Touched Down in Canada

One step further and I swear it would’ve been a strip search. True story.

Yesterday, returning from beautiful Costa Rica (sun-kissed, relaxed, and slightly over-caffeinated) I touched down in Canada, ready to re-enter the land of double-doubles and maple-flavoured everything. I breezed through Canadian Customs, no problem. But then came airport security, and that’s when things got a little out of hand. Literally.

They were putting everyone through the big scanner. You know the one. It looks like something out of a sci-fi movie, where you stand like a guilty starfish. Arms up. Feet spread. Dignity hovering somewhere around your ankles.

I was wearing cargo pants. Yes, I know… not exactly a French fashion statement, but highly practical for passport, wallet, plane tickets and international currency. After my first pass through the scanner, the officer politely asked if I had anything in my pockets. Fair question. With cargo pants, you can practically lose a sandwich in there and not know for days. I did a quick inventory and fished out a collection of paper bills, some U.S. dollars and a few Costa Rican colones. That was it.

The female security officer was glued to her monitor, probably wondering if I’d smuggled in a toaster, or perhaps eying me out. Meanwhile, the male officer asked me to step in and assume the position again. At this point, I was two scans away from qualifying for airport frequent flyer body exposure points.

Then came the question.

“Do you have anything in the groin area?”

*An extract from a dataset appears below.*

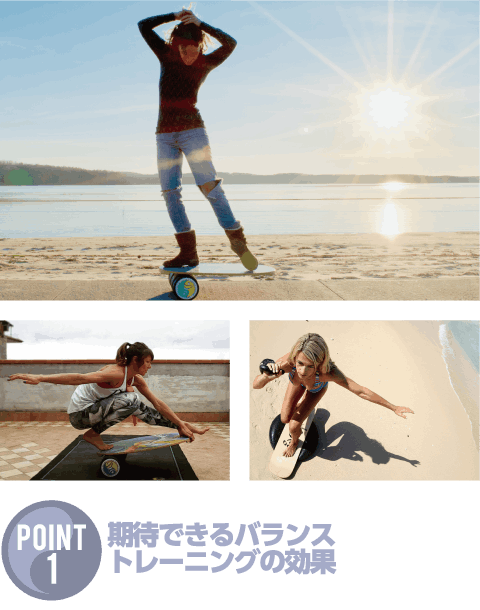 Indo Boardインドボード バランストレーニング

I froze. Is that a trick question? If I say no, they’ll smirk. If I say yes, I’m basically confessing to something suspicious. Looking around to see if I was on the old TV show “Candid Camera”, I did what any red-blooded Canadian man would do in that moment. I shrugged and said, “Only what God gave me.”

He blinked. Then, just as calmly, he offered me a choice. We could do the pat-down right there in public, or he could escort me to a private room for a more, let’s say… intimate inspection.

I had a connecting flight and a shred of dignity left, so I said, “Let’s just get it over with right here. I like to make a scene.”

And so, in full view of passing travellers, a few potted plants, and possibly a small child holding a juice box, I was professionally and thoroughly patted down in the most sensitive of areas. Over the clothes, thank goodness. He was just doing his job, but I’ll tell you, having traveled alone, that was the most action I’d seen all vacation.

I was packing, but it was all natural, officer.

After a final nod of clearance and an exchange of sheepish smiles, I was set free, pride slightly wrinkled but intact. I sprinted toward my gate with one hand on my boarding pass and the other double-checking my zipper.

So yes, I made it back to Canada. Safe, sound, and slightly traumatized. But not before leaving a lasting impression on the scanner. And possibly the poor security officers who now knows more about me than my doctor. Wait, I’m in Canada… what doctor?